╭─ Task input

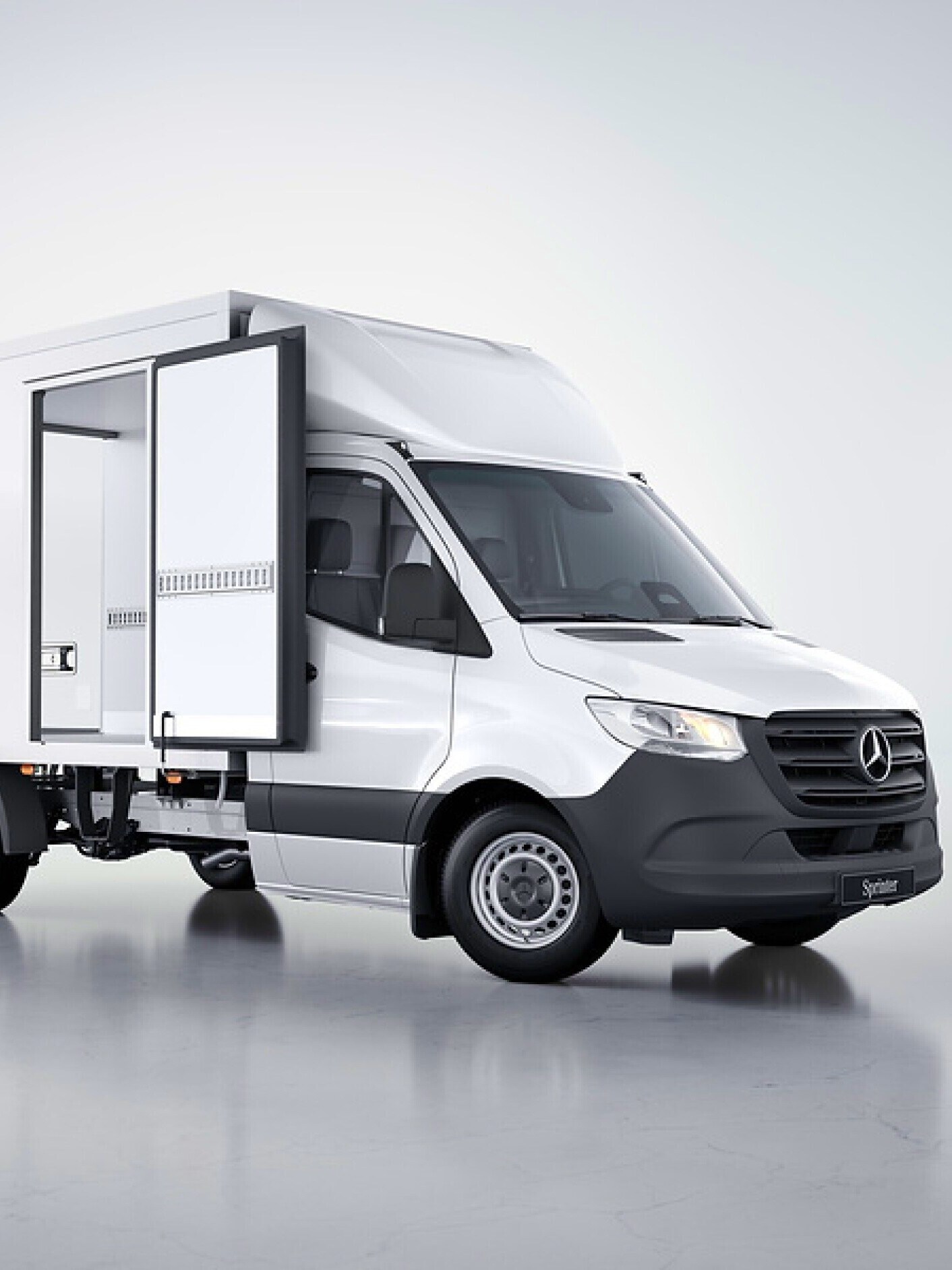 Sprinter șasiu de la Mercedes-Benz cu soluție specializată de la VanSolution.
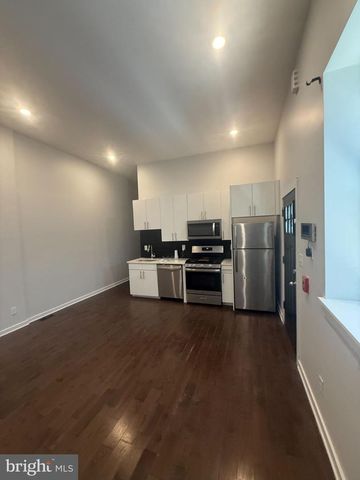 3910 W GIRARD AVE, Philadelphia, PA 19104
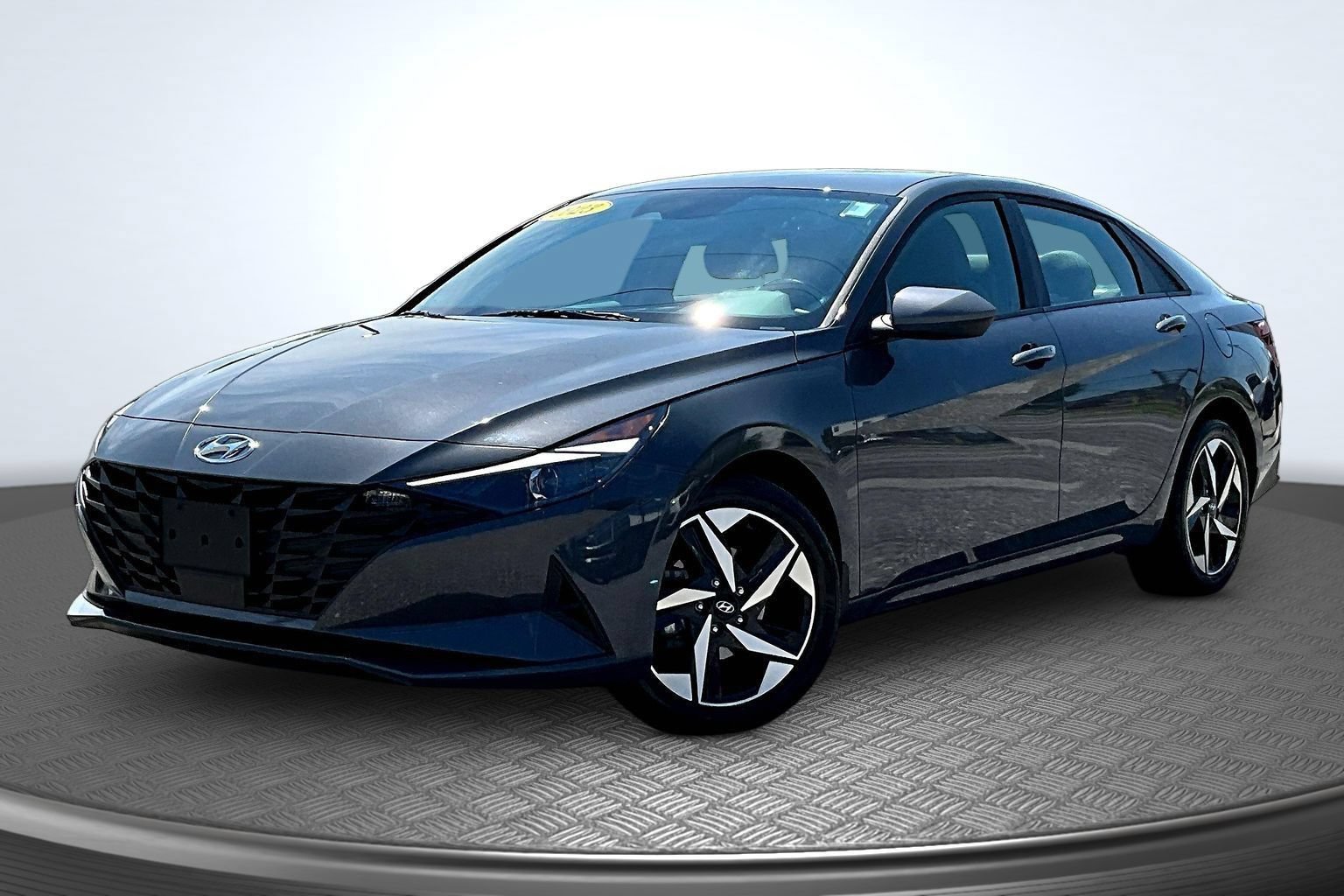 Used 2023 Hyundai Elantra SEL w/ Convenience Package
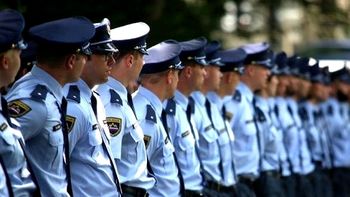 Priložnost za zaposlitev v policiji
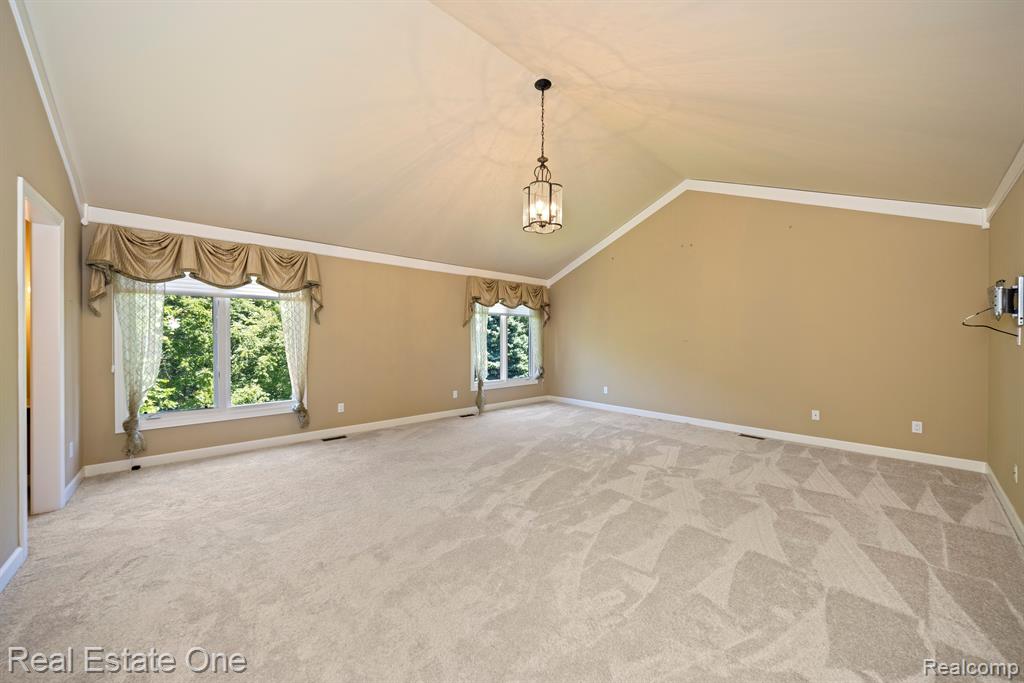 6745 CHARING Crossing, West Bloomfield, MI — Photo 39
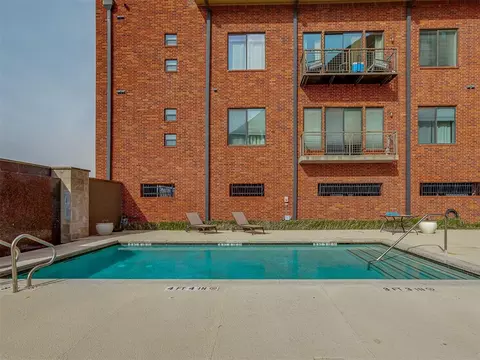 Exterior - 401 E Boyd St #305, Norman, OK 73069 photo 8 of 15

╰─

- **Exercise**:
Keep every word of the data as it is when you write it out, but drop the pictures.

- **The completed task**:
 Sprinter șasiu de la Mercedes-Benz cu soluție specializată de la VanSolution.
 3910 W GIRARD AVE, Philadelphia, PA 19104
 Used 2023 Hyundai Elantra SEL w/ Convenience Package
 Priložnost za zaposlitev v policiji
 6745 CHARING Crossing, West Bloomfield, MI — Photo 39
 Exterior - 401 E Boyd St #305, Norman, OK 73069 photo 8 of 15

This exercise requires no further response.